Please use this identifier to cite or link to this item: https://doi.org/10.25818/57zx-49dw
Title: Singapore’s Productivity Challenge: Part III
Authors: Hawyee Auyong 
Keywords: Singapore
asian financial crisis
wage reductions
foreign labour
labour productivity
Issue Date: Jun-2014
Citation: Hawyee Auyong (2014-06). Singapore’s Productivity Challenge: Part III : 1-19. ScholarBank@NUS Repository. https://doi.org/10.25818/57zx-49dw
Abstract: The 1997 Asian Financial Crisis severely impacted regional economies. Although Singapore emerged relatively unscathed compared to other Southeast Asian economies, it adopted wide cost cutting measures including wage reductions to restore export competitiveness because the Singapore Dollar remained relatively strong.
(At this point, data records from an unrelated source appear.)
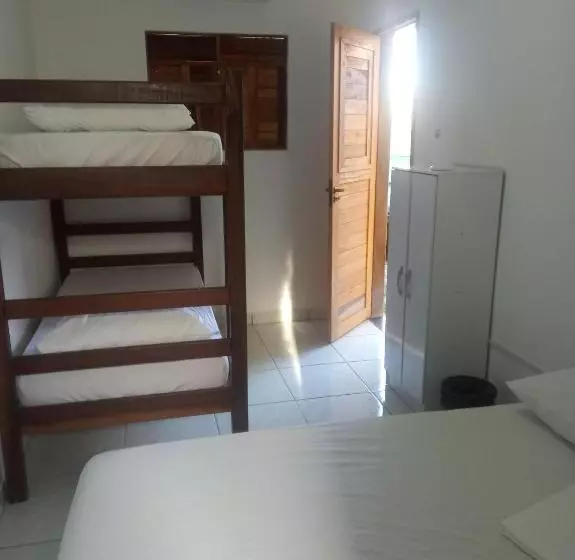 Casa Do Mochileiro Airport Hostel & Pousada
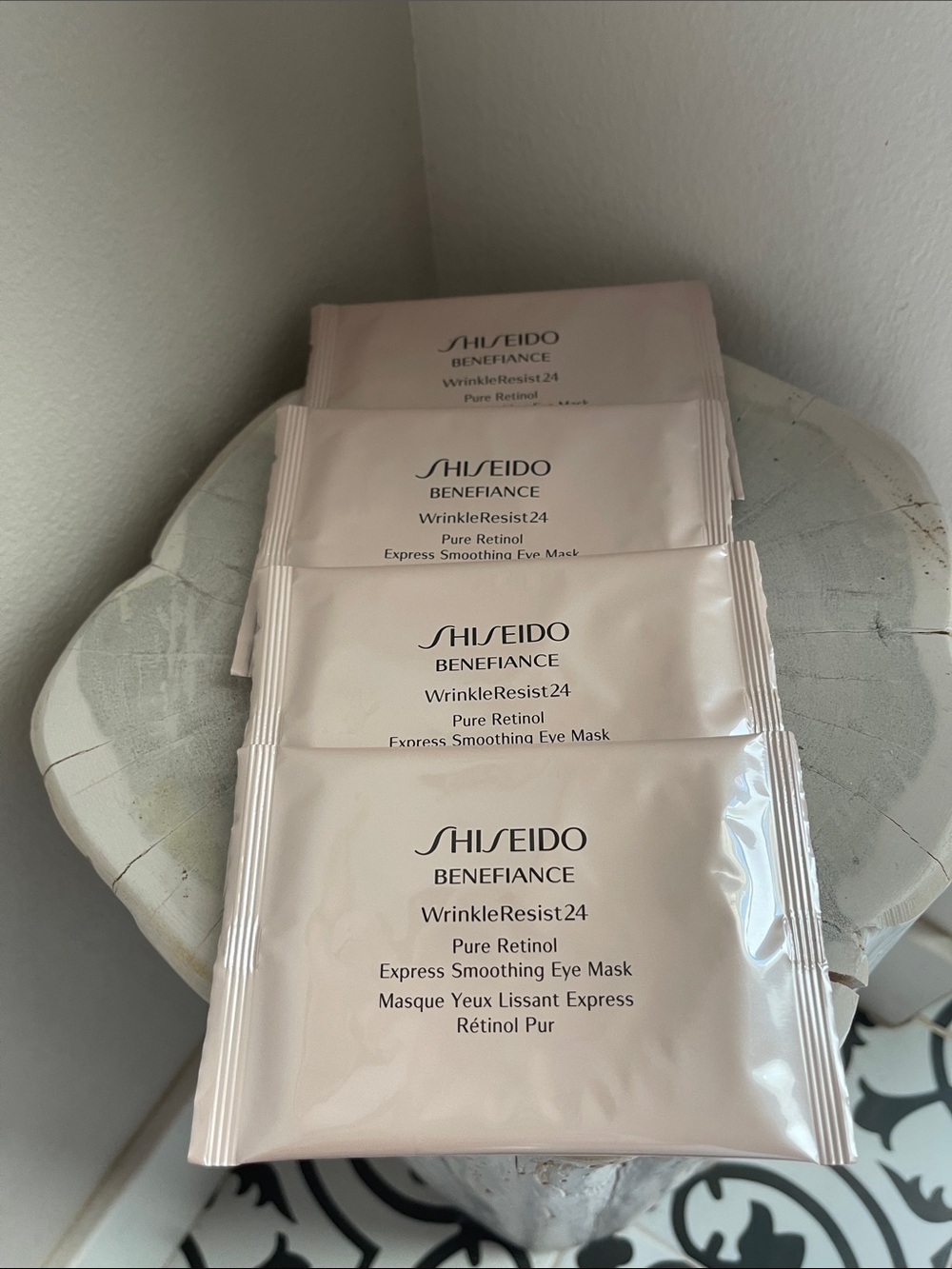 🫧Shiseido 4 pack PureRetinol Benefiance Wrinkleresist24 Award winning Eye masks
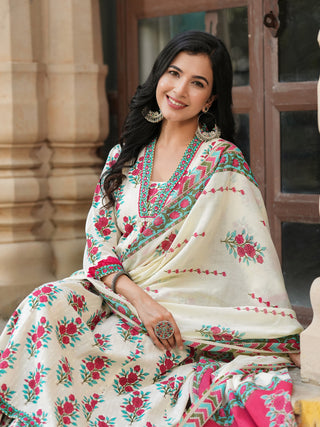 Floral Printed Thread Work Pure Cotton Kurta With Trousers & Dupatta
Singapore recovered strongly from the crisis, but continued to face economic volatility in the following decade. This volatility justified a strategy of “go for growth in the good years”, supported by growth in the foreign labour force that helped to grow the workforce by up to 5% per year during this period. But largely due to the changing attitudes of the population towards the increasing proportion of foreign labour in the economy, labour productivity once again became a priority after 2009 and the government set an ambitious target of 2-3 per cent annual productivity growth for the decade from 2010 to 2020. Meeting this target has proved challenging because of a number of structural issues in the economy including an entrenched dependence on foreign labour. Nevertheless, the government has so far seemed determined to press on with industrial restructuring.